Mubadalah.id – Akurasi data tentang disabilitas masih menjadi momok misterius yang belum tuntas hingga saat ini. Belum lama, Kementerian Koordinator Pembangunan Manusia dan Kebudayaan (Kemenko PMK) menyebut bahwa problema akurasi data belum lagi beres.
Akibatnya, kebijakan untuk kalangan penyandang disabilitas seringkali tidak tepat sasaran (missing). Masalah perihal akurasi data ini muncul akibat belum adanya data tunggal (single data) terkait kebutuhan disabilitas.
“Dengan adanya satu data yang valid dan dapat diakses bersama, setiap kebijakan dan program pembangunan akan memiliki pijakan yang lebih kuat dan terukur,” tutur Deputi Bidang Koordinasi Peningkatan Kualitas Keluarga dan Kependudukan Kemenko PMK Woro Srihastuti Sulistyaningrum.
Akurasi data dan pendidikan inklusif
Selaras dengan ujaran Srihastuti, kebutuhan akan akurasi data memang berperan penting dalam upaya pemenuhan hak disabilitas. Kementerian Sosial (Kemensos) kini tengah mencanangkan penerbitan kartu penyandang disabilitas (KPD) sebagai sebuah terobosan.
Kartu ini nantinya berfungsi sebagai “kartu sakti” untuk memperoleh layanan kesehatan, transportasi, serta tentu saja pendidikan. Pendidikan menjadi hak vital disabilitas yang mesti menjadi fokus sekaligus prioritas pemerintah.
Mengingat, berdasarkan data Badan Pusat Statistik (BPS) 2024, lebih dari lima juta penyandang disabilitas belum tamat sekolah. Data BPS secara eksplisit menunjukkan bahwa kebutuhan publik akan pendidikan inklusif sangatlah tinggi.
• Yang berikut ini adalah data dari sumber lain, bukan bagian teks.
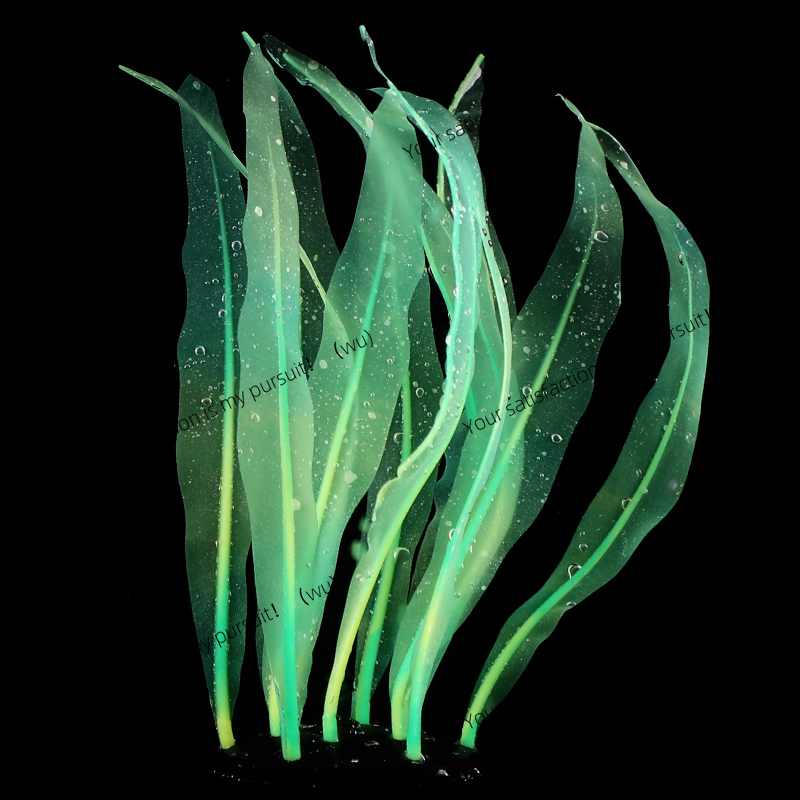 Simulated Kelp Plant Decoratio - Aquarium Fish Of The World 评论和价格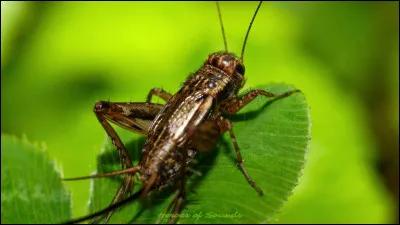 Quel est cet insecte ?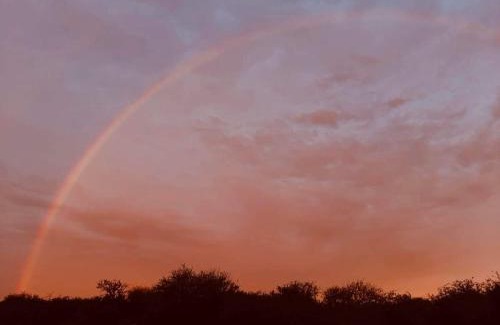 Luan Toro Apartamento | Estancia San Carlos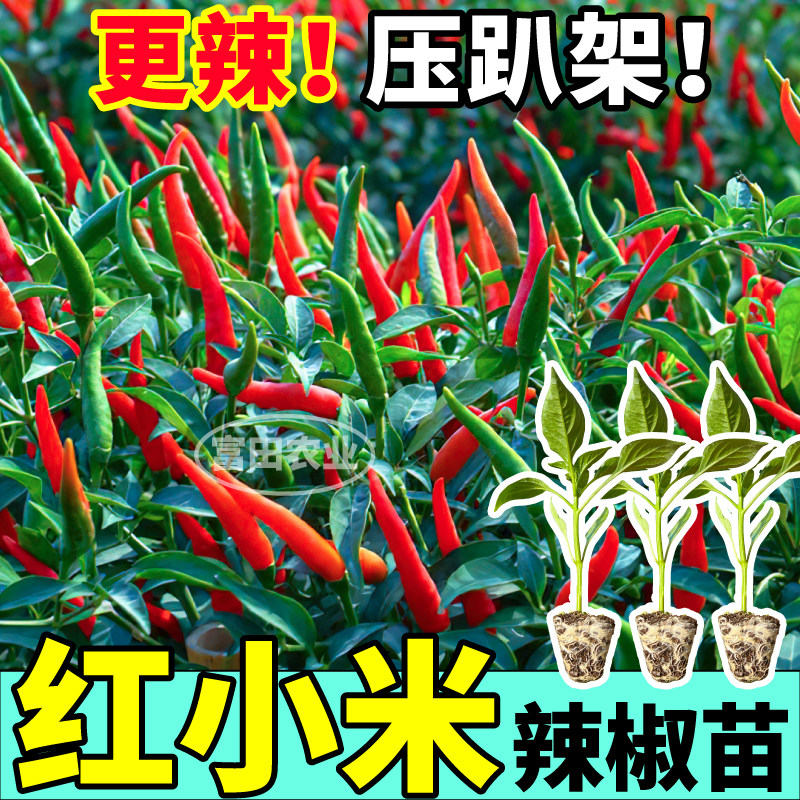 压趴架红小米辣椒苗秧更辣白红小米辣种子带土球阳台盆栽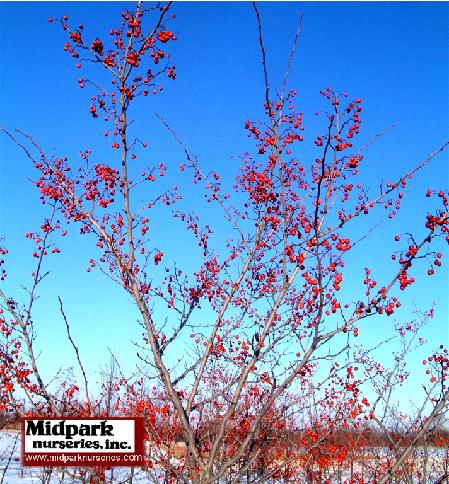 Crataegus Winter King Hawthorn midpark nurseries wisconsin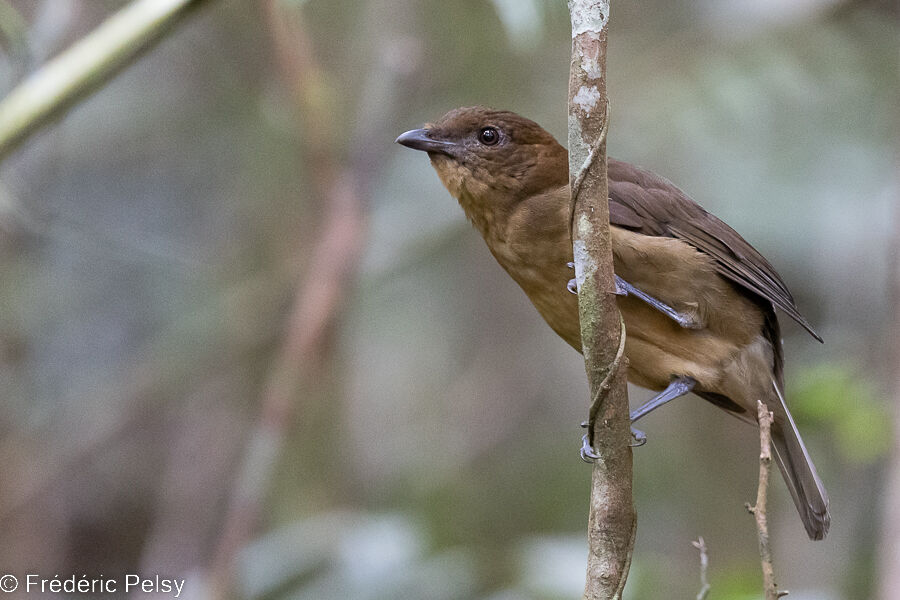 Vogelkop Bowerbird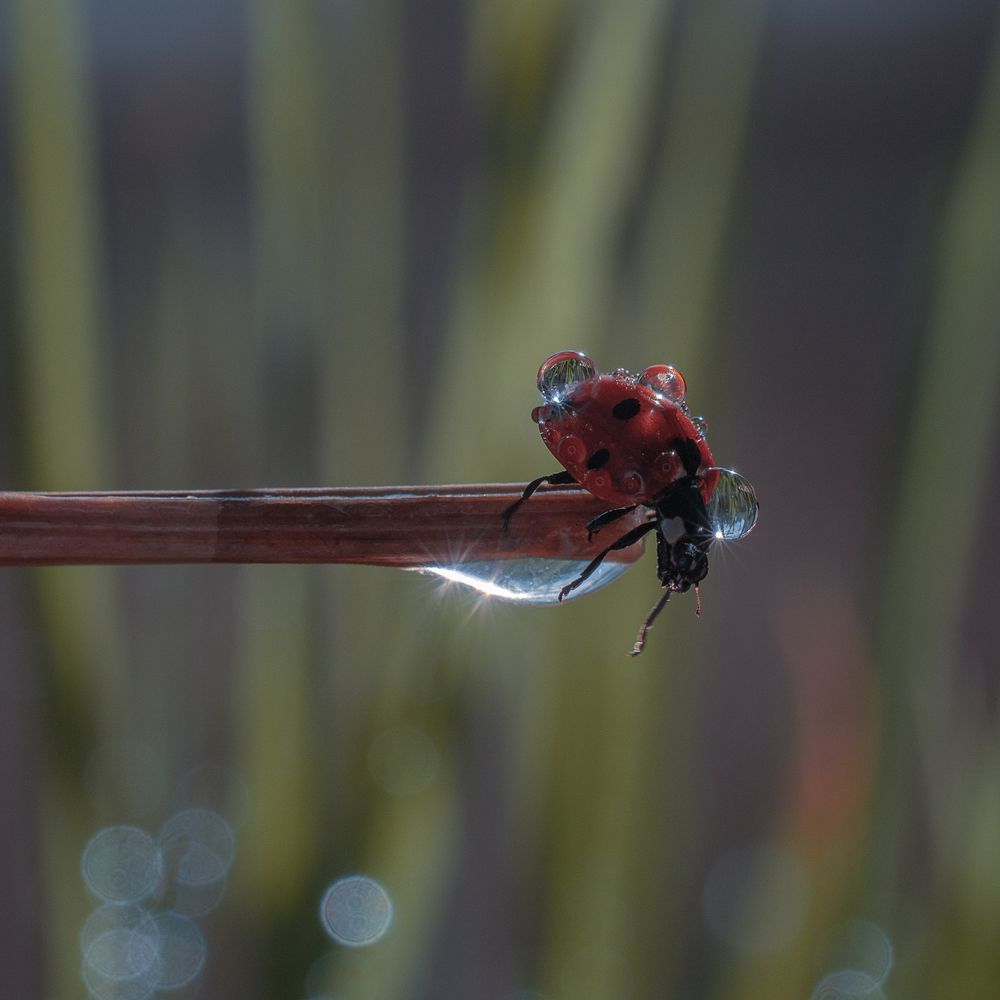 Photograph by Татьяна Эрбутаева
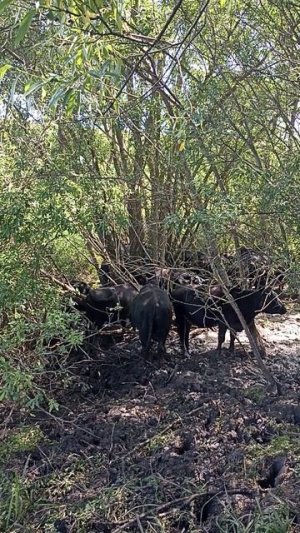 В жаркий день Абердин Ангусы прячутся в тени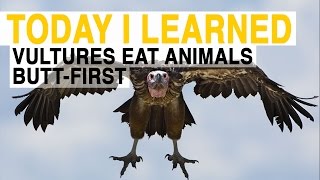 TIL: Vultures Have to Eat Animals ButtFirst | Today I Learned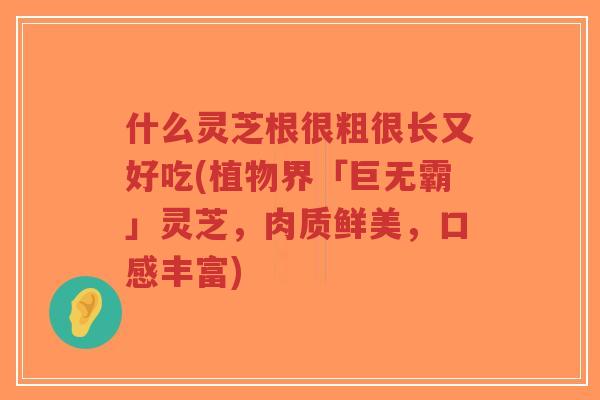 什么灵芝根很粗很长又好吃(植物界「巨无霸」灵芝,肉质鲜美,口感丰富)-第1张图片-超越 什么灵芝根很粗很长又好吃(植物界「巨无霸」灵芝,肉质鲜美,口感丰富)-第1张图片-超越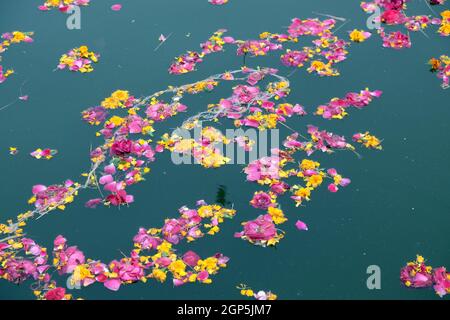 Fleurs pétales colorés, des offres, des fleurs et de guirlandes, flottant dans le lac Pushkar, Rajasthan, India Banque D'Images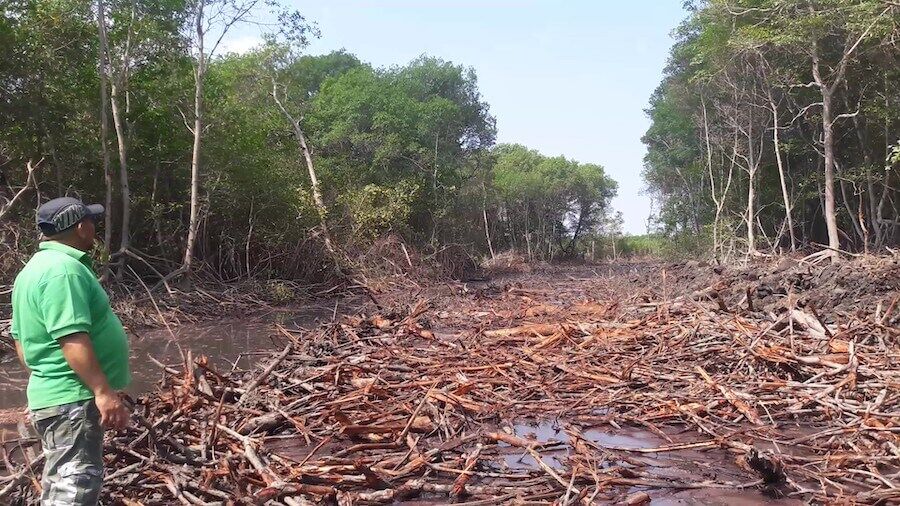 El fin de los manglares del golfo de Guayaquil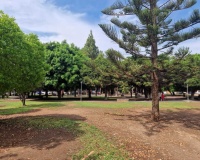 Venta - Apartment - Torrevieja - Costa Blanca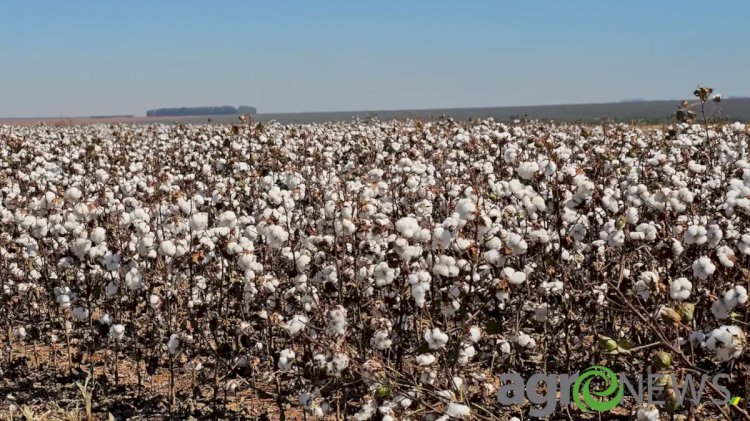 Preço do algodão em alta: Vale a pena vender agora ou esperar?
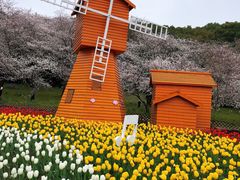 -苏州上方山国家森林公园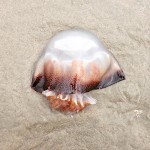 Kiwi Jellyfish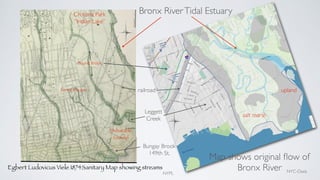 Egbert Ludovicus Viele 1874Sanitary Map showing streams
Map shows original ﬂow of
Bronx River
Bronx RiverTidal Estuary
upl...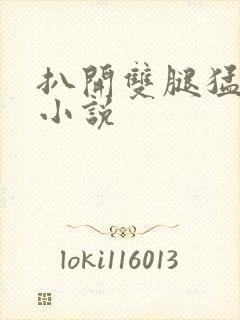 扒开双腿猛插入小说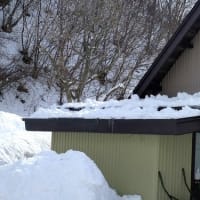 何をやっても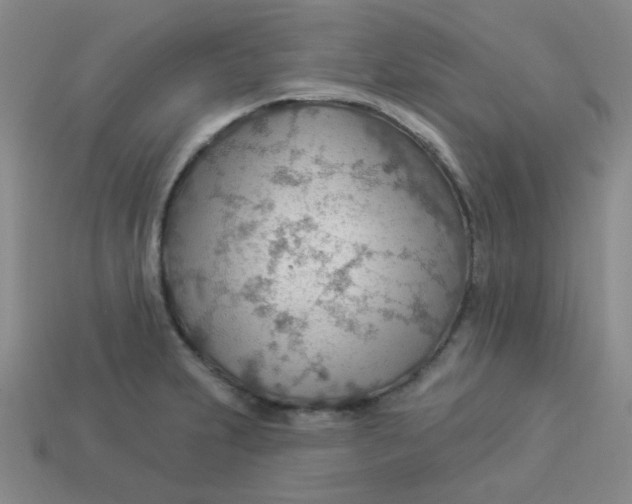 X0000113901231200910151348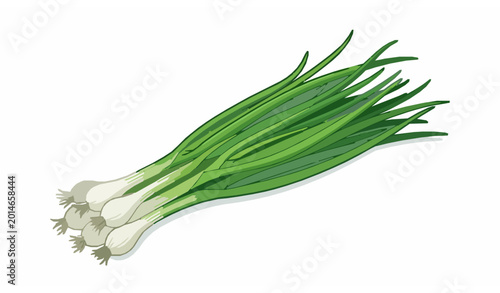 Quadro su tela Fresh Green Onion Vector Illustration with Long Stalks and Organic Scallion Bunc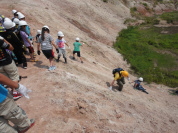 �L��R���R�Ό�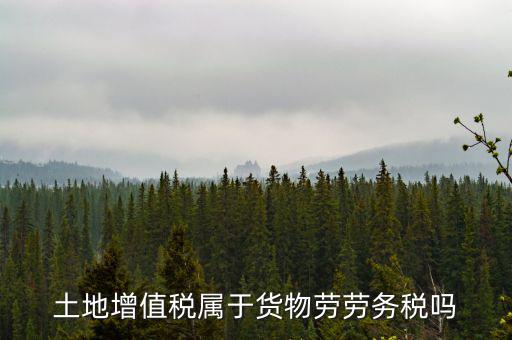 土地增值稅屬于什么稅種，土地增值稅是什么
Namun, selagi masalah akurasi data masih belum beres, pendidikan inklusif cuma omong kosong dan mimpi siang bolong. Lantas, sebenarnya bagaimana desain pendidikan inklusif yang ideal?
Pendidikan inklusif dalam kaca pandang Al Ghazali
Sembari membereskan masalah akurasi data, tak buruk kiranya jika kita menerawang desain pendidikan inklusif kedepan. Al Ghazali, ulama kenamaan yang masyhur dengan julukan hujjatul IsIam memberikan beberapa rambu-rambu penting.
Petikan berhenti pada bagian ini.